Hillary’s Emails: How Big a National Security Disaster? By Stanley Kurtz —
http://www.nationalreview.com/node/423468/print
Has Hillary Clinton been lying about her email system and did she violate the laws against mishandling classified material? Coverage of Clinton’s email scandal has been focused on those questions, but shouldn’t we be paying more attention to the nature and scale of the damage to American national security caused by Hillary’s carelessness with classified information? We’re not focused on the details of the security damage because it’s difficult to know whether and to what extent Hillary’s communications were intercepted, and more difficult still to make public whatever our intelligence agencies may have figured out on that score.
But maybe we already know enough to conclude that Hillary’s email scandal constitutes one of the most serious American national security disasters on record. The Daily Beast has a story out speculating that the email scandal may soon spread to the White House. Interesting as that question is, this passage seems more significant:
“There’s a widely held belief among American counterspies that foreign intelligence agencies had to be reading the emails on Hillary’s private server, particularly since it was wholly unencrypted for months….senior counterintelligence officials are assuming the worst about what the Russians and Chinese know.”

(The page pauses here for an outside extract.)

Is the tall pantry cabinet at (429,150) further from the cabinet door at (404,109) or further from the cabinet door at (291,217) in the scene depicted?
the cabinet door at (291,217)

So America’s intelligence agencies are assuming that every communication of America’s Secretary of State for months or more was read by our adversaries. Isn’t that likely to amount to one of the worst intelligence breaches in American history? And here’s the kicker. Even if we got lucky and the Russians and Chinese didn’t actually intercept some or all of Hillary’s emails, our intelligence agencies now have to behave as if they did.
Doesn’t that mean that we are now making massive changes to the sources and methods of our intelligence? Are we now withdrawing valuable agents? Are we trying to replace methods that cannot be easily replicated? Are we now forced to rebuild a good deal of our intelligence capabilities from the ground up? Are we not suffering tremendous intelligence damage right now, regardless of what foreign intelligence services did or did not manage to snatch from Hillary’s server—simply because we are forced to assume that they got it all?
I’m sure that analysts more knowledge of our intelligence systems could explain better than I the damage that would flow from simply being forced to assume that nearly all of the Secretary of State’s communications had been compromised. No doubt even explaining that could do additional damage.
At any rate, the mere fact that our intelligence services are now assuming maximum damage and acting accordingly may ultimately be one of the most important and least fully appreciated aspects of this story.